⟨

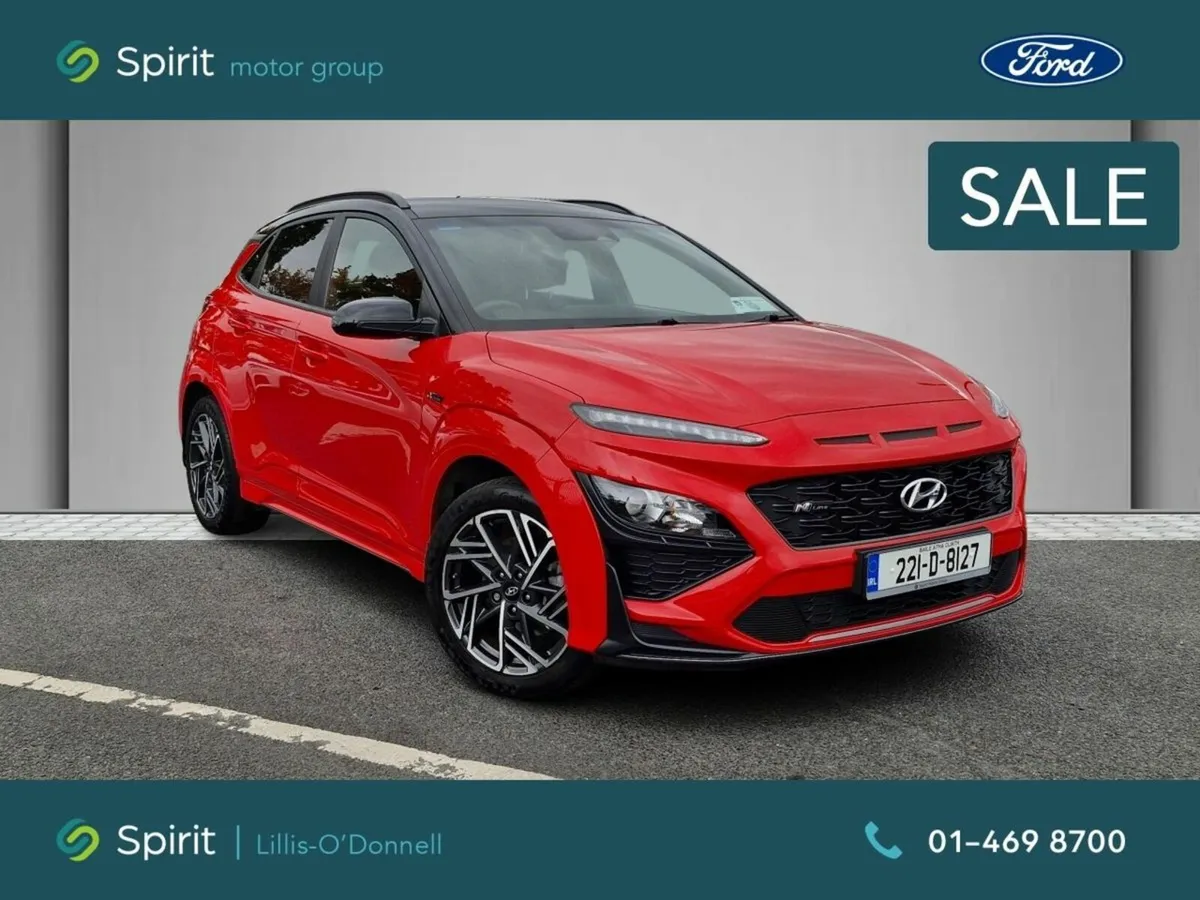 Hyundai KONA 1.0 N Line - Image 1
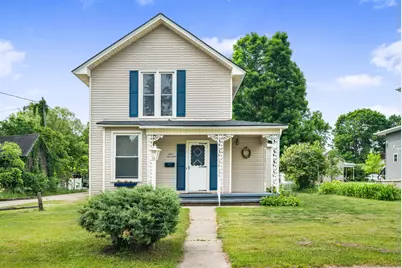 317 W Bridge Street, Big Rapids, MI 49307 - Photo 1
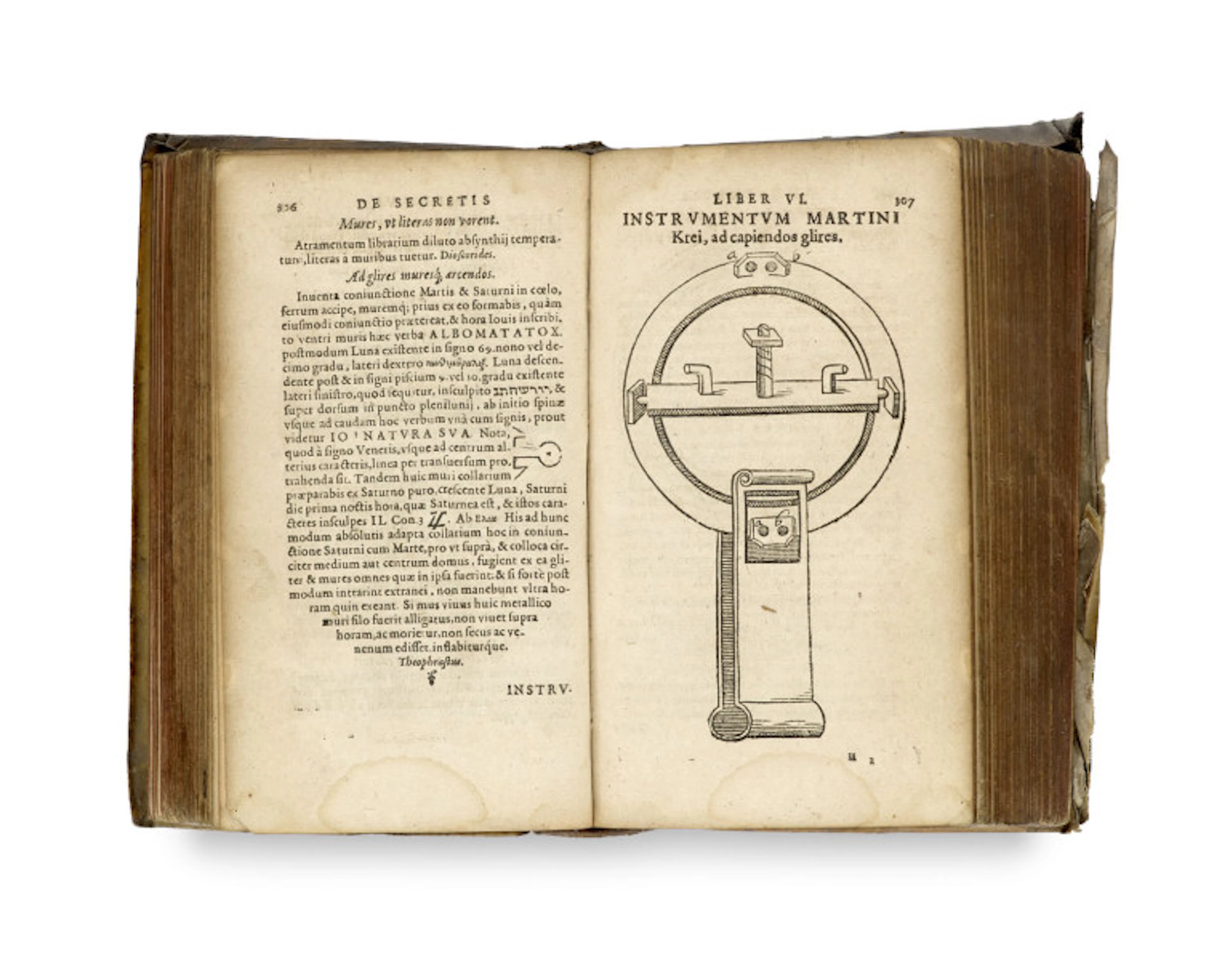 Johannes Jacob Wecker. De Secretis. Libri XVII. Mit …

⟩

### About this exercise
Copy exactly the lines running from the line with "317 W Bridge" to the final line of the listing, keeping both ends and dropping any picture.

### Solution to this task
 317 W Bridge Street, Big Rapids, MI 49307 - Photo 1
 Johannes Jacob Wecker. De Secretis. Libri XVII. Mit …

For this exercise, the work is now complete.